Von Willebrand factor abnormalities in IgA nephropathy.

BACKGROUND

Plasma concentration of von Willebrand factor (vWF) has been used as an index of endothelial dysfunction. Increased release of vWF from endothelial cells has been reported in several conditions, and there is also evidence that dysfunctioning endothelial cells synthesize defective molecules. In fact, unusually large vWF multimers have been described and related to the pathogenesis of some microangiopathic diseases. Abnormal levels of vWF have been reported in primary glomerulitis, but this was no referred to histological diagnosis. Furthermore, no qualitative vWF analysis was performed in these glomerulopathies.

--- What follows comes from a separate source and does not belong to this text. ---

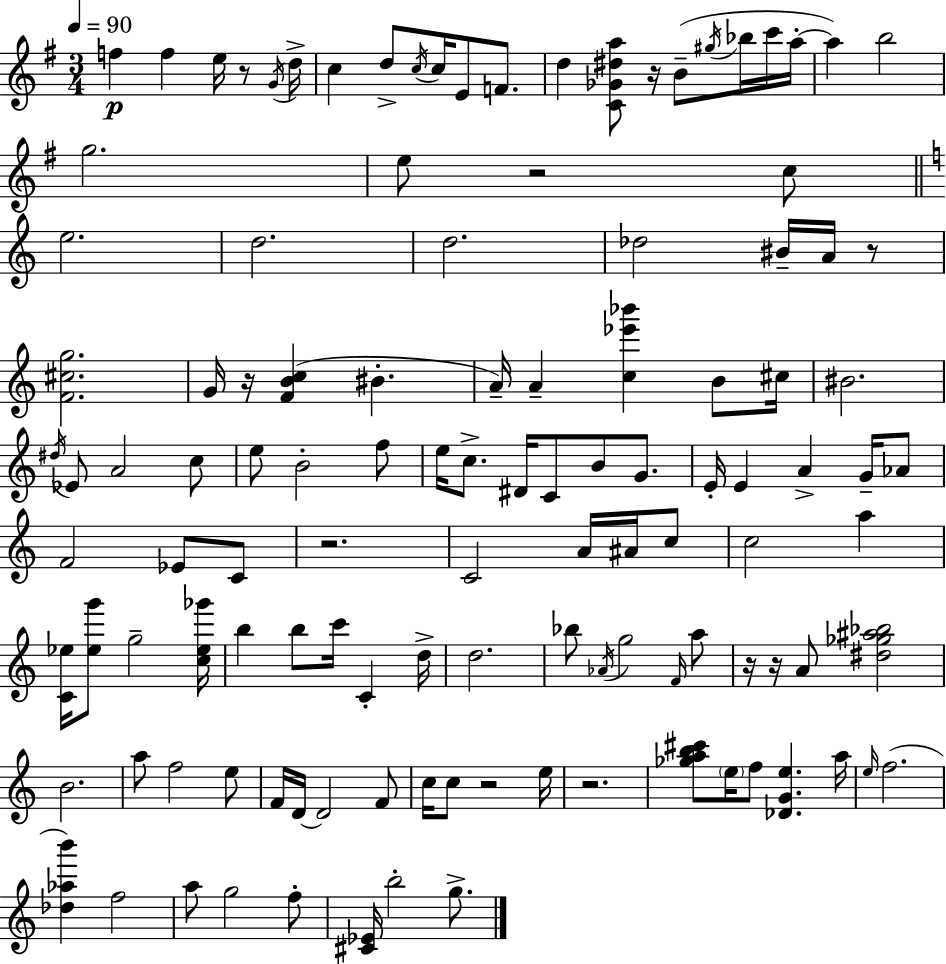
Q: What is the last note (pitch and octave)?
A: G5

Therefore the aim of our study was to analyse quantitatively and qualitatively vWF in patients with IgA (IgAN) and non-IgA mesangial proliferative glomerulonephritis (PGN).

METHODS

Fourteen IgAN patients, eight PGN patients, seven subjects with different glomerulonephritides, and 10 healthy controls formed the basis of this study. On peripheral venous blood collected in the presence of protease inhibitors, vWF parameters were investigated. vWF antigenic activity (vWF:Ag) was measured by electroimmunodiffusion. vWF subunits mobility was studied by crossed immunoelectrophoresis (CIE) and in some patients vWF multimeric analysis was performed by SDS-agarose gel electrophoresis.

RESULTS

Mean vWF:Ag was significantly higher in PGN patients as compared to controls, while there was no significant difference between PGN and IgAN patients and between IgAN and controls. CIE revealed a pre-peak in 12 of 14 IgAN patients and a migration index which did not differ between controls, IgAN, and PGN subjects. No pre-peak was observed in PGN and in other glomerulonephritides. Analysis of plasma vWF multimeric pattern by SDS-agarose gel electrophoresis disclosed in four IgAN patients abnormally large vWF multimers that were not documented in PGN subjects.

CONCLUSIONS

This study, by showing the presence of a pre-peak and of large vWF multimers in IgAN patients, suggests an altered postsecretory handling of the vWF in IgAN and possibly a different role of the vWF in IgAN in respect to PGN.